EDITORIAL: Corrupt politics linger 4 decades after Lockheed bribery scandal
July 27 marked the 40th anniversary of the arrest of Prime Minister Kakuei Tanaka over the Lockheed bribery scandal.
Even after he was indicted on criminal charges, Tanaka (1918-1993) led a massive faction within the ruling Liberal Democratic Party and wielded huge political clout by playing kingmaker. Since then, the landscape in Nagatacho, the political power center in Tokyo, has changed dramatically. Factions within the LDP have sunk into political irrelevance. Prime Minister Shinzo Abe has acquired so much political power that many pundits are lamenting the lack of political forces that can pose a serious challenge to his leadership.
However, one thing remains unchanged in Japanese politics. It is the power of money that keeps breeding graft and corruption.
During the past four decades, a series of steps have been taken to tackle the problem. The electoral systems of both houses of the Diet have been reformed. The Political Fund Control Law has been revised to remove special-interest money from politics, while the guilt-by-association rule concerning elections has been enhanced.
But the politicians who created the new rules have installed convenient loopholes.
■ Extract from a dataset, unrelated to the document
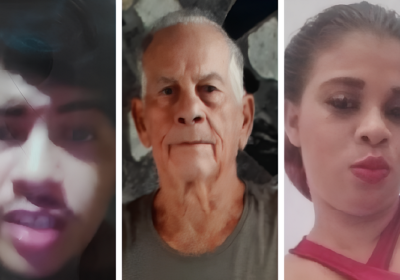 DESAPARECIDOS: PC-AM busca paradeiro de sumidos em Manaus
The current situation is nowhere close to the elimination of doubt and the restoration of public trust in politics.
Just recently, Akira Amari resigned as economy minister over his dubious relations with a construction company. And a month ago Tokyo Governor Yoichi Masuzoe stepped down after he failed to offer convincing explanations about his seemingly inappropriate use of political funds.
Despite all these and other money scandals involving politicians, lawmakers, especially those of the LDP, remain reluctant to make any vigorous response to the deep-seated problem.
During their campaigns for the July 10 Upper House election, most parties other than the LDP, including the LDP’s junior coalition partner, Komeito, the main opposition Democratic Party, the Japanese Communist Party and the Initiatives from Osaka, promised to take measures to clean up the rot in politics, although their proposals differed in content and strength.
The promised measures included imposing stronger responsibility on politicians to oversee the acts of their secretaries, injecting greater transparency into the expenditures of political funds and state-financed expenses for political activities, and banning political donations by companies and other organizations.
But the LDP, which has Amari among its members and supported Masuzoe in the previous Tokyo gubernatorial election, made no reference to this problem in its campaign platform.
This kind of attitude only widens the distance between citizens and politics and deepens public cynicism.
Although the LDP won a major victory in the Upper House election, the ruling party will be long remembered for its failure to make a serious response to scandals involving its members and allies.
We urge the other parties, including Komeito, to make nonpartisan efforts to find common ground on this issue and create a situation that prods the reluctant LDP into action.
What they should do first is to make all flows of money into politics completely transparent and establish a system in which citizens can always check and evaluate the flows.
Tanaka left another big blot in the history of Japanese politics.
One and a half years before he was arrested, Tanaka was forced to resign as prime minister amid allegations about his shady financial connections. At that time, he pledged to “clarify the truth someday to win people’s understanding.”
But he died without carrying out his promise. Now, both Amari and Masuzoe remain silent about the allegations against them, apparently waiting for the storm of criticism to pass.
Nowadays, there is a growing wave of positive reviews about Tanaka’s political record, probably due in part to nostalgic feelings about his era, when the Japanese economy was growing rapidly.
But the dark role of big money in politics and politicians’ inability to be honest and straightforward with the public about money are both negative legacies from the era that still haunt Japanese politics 40 years after the downfall of the powerful, but corrupt politician.